The mission of the UH Cullen College of Engineering is to serve the Greater Houston community by establishing innovative and industry-relevant engineering programs that help to drive the economy forward in the state of Texas. The Cullen College has succeeded at this mission in no small part due to the support of individual donors and corporate sponsors.
This was especially true for the Cullen College’s subsea engineering program, which was established in direct response to industry workforce needs and with overwhelming support from leaders in the energy industry across the Houston region and around the world.
In an effort to bolster private support for higher education, the Texas Higher Education Coordinating Board established TRIP – the Texas Research Incentive Program. It provides state institutions funds that match private gifts or endowments at a certain percentage for the purpose of enhancing research activities.
The combination of gifts and matching state funds is a winning one, and most recently the college reaped the benefits from National Oilwell Varco and TRIP to the tune of $500,000 from NOV alone, gifted to the Cullen College’s subsea engineering program.
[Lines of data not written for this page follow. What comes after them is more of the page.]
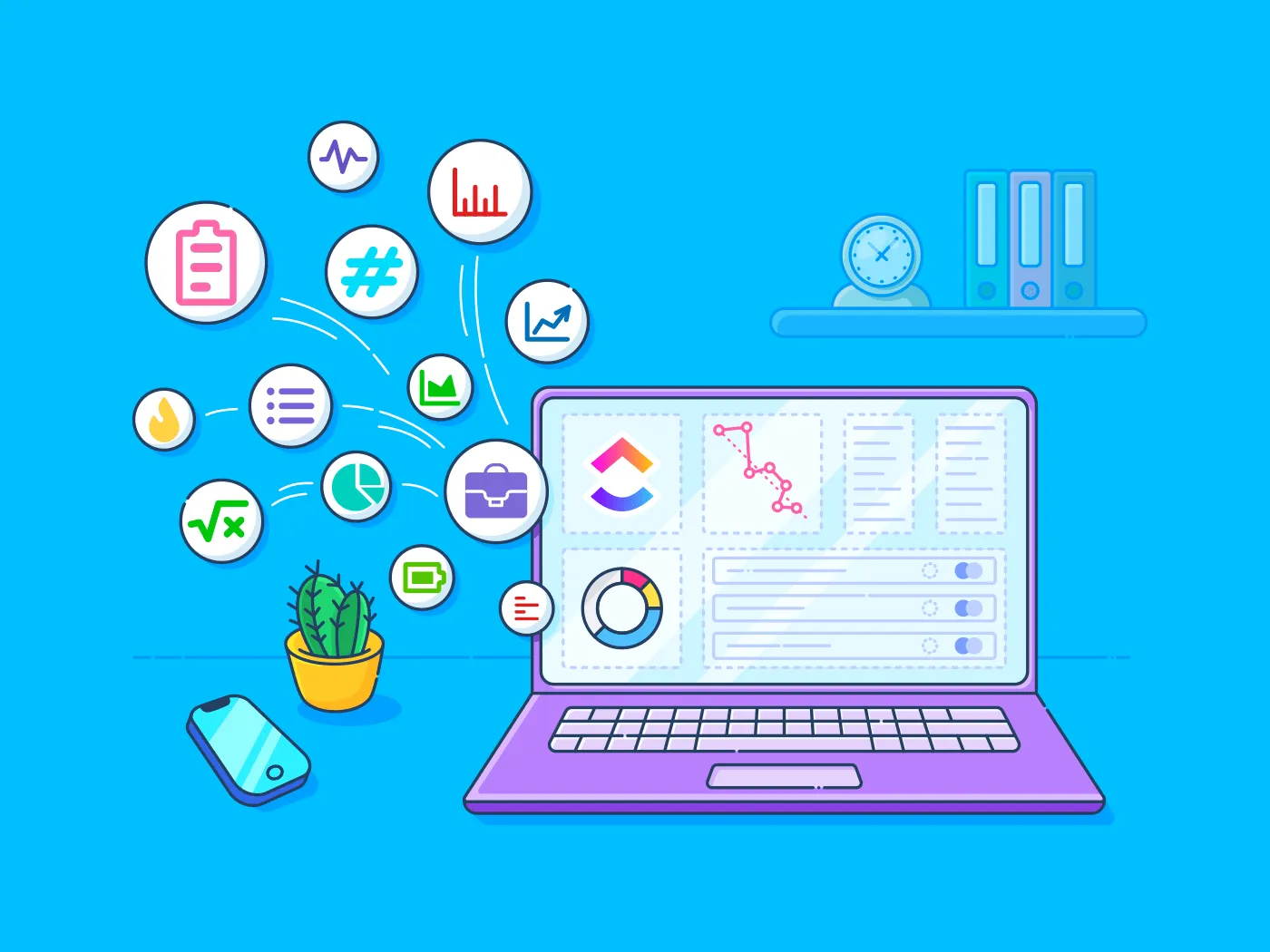 Как да създадете табло в Jira, за да подобрите информацията за проекта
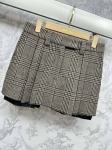 Костюм женский Miu Miu Артикул LUX-97607. Вид 3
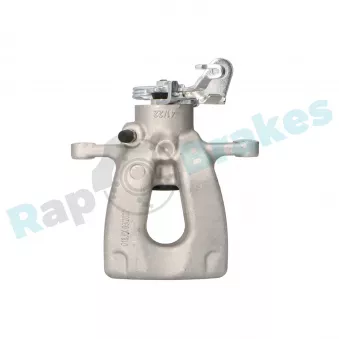 Étrier de frein arrière gauche RAP BRAKES R-K0764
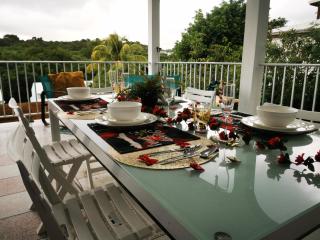 Villa, Hilton Bedding, Pool, Beach, Jacuzzi - 8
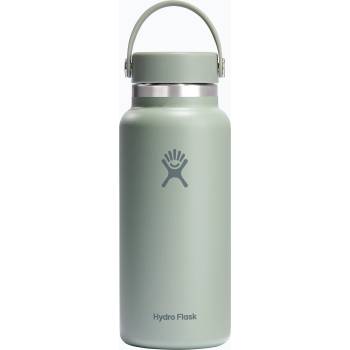 Hydro Flask Термобутилка Hydro Flask Wide Flex Cap 945 ml agave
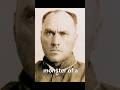 The Unbelievable Last Words of Serial Killer Karl Panzram #truecrimetok #crimestories #historyshorts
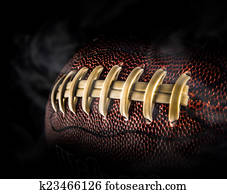 לטוס, כדור של ראגבי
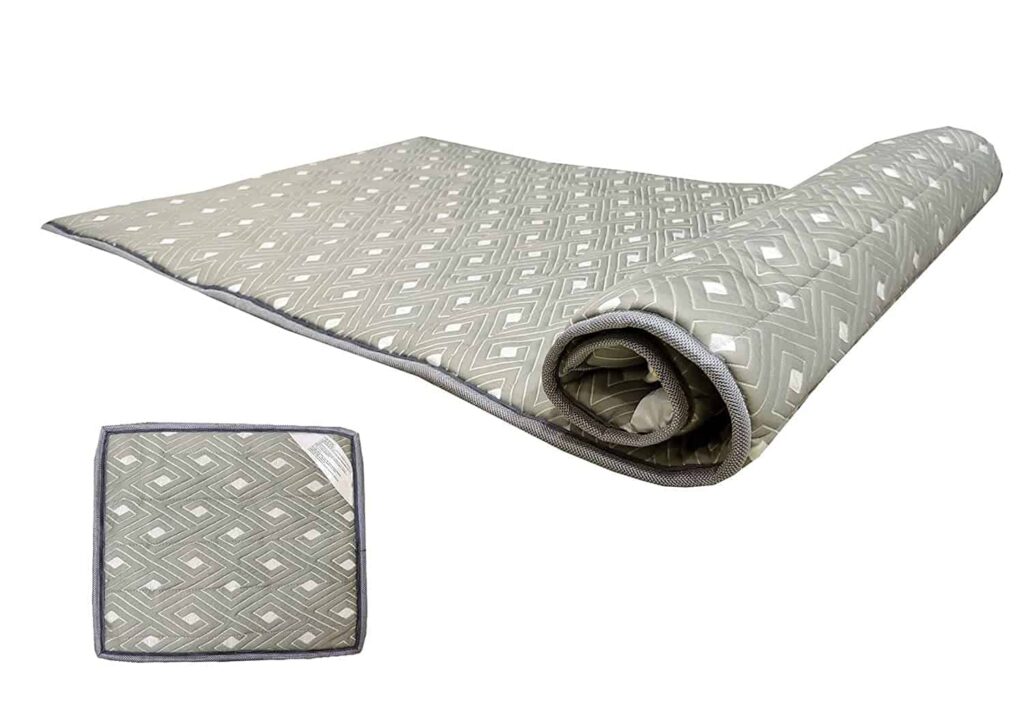 bio magnetic mattress
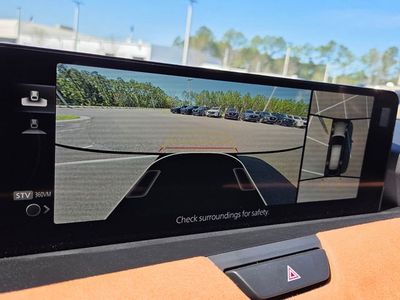 2026 Mazda CX-70 - Photo 24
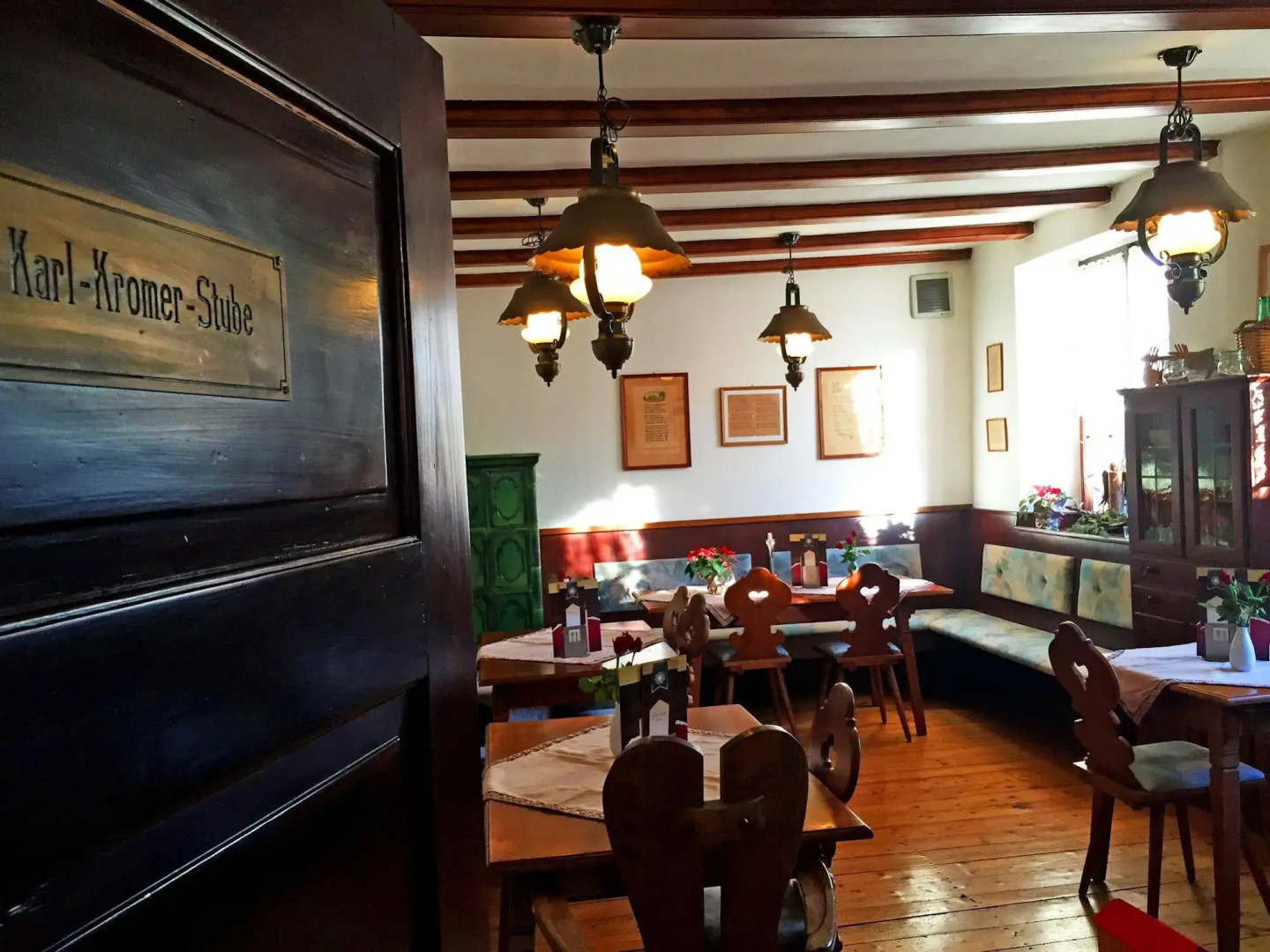 Hotel Landgasthof Sonne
The gift was paid in several installments, and TRIP just matched the first installment of $150,000 at 50 percent ($75,000) – with future matches to come as well.
The funds are already being put to use in the subsea engineering program, according to program director Matt Franchek. “[The money] NOV has given us, we’re able to magnify that gift thanks to the state of Texas, and we’re able to put it to use in the classroom for the students.”
Specifically, the program has purchased several high-performance computing clusters available for student use. Additionally, the program purchased a significant amount of memory for the clusters to “dump” their information on – and then refer back to as they perform more calculations. Franchek calls the infrastructure a “computational city,” and it’s available to all subsea engineering students.
For Franchek, the computers are more than just a tool – they’re a pathway to a new method of engineering. “We want to see a computational approach to subsea engineering called analysis-led design,” he said.
When subsea engineers design a structure, Franchek said, “they’re doing lots of computations, and for these [structures] to grid out correctly and the computer to solve the code correctly, it’s huge. The equipment we build can be 60, 70, 100 feet tall, so to simulate that is a big deal. Without the gift from NOV, we would never be able to do this.” The new high-powered clusters are so powerful with computational calculations, Franchek said, that “when you hit return, you have to duck – the answer comes back so quick.”
The clusters themselves are housed at the Energy Research Park (ERP), but students in the Cullen College can access them through the Dell workstations at the Engineering Computer Center.
Franchek says that the high-powered clusters are only the beginning of a long-term plan for the subsea engineering program to create a computational infrastructure capable of handling multiple, massive simulations and predict optimal designs that fit a given project. This, he says, will then allow students to focus more seriously on which of the computer-designated optimal designs will work best in practice, and why.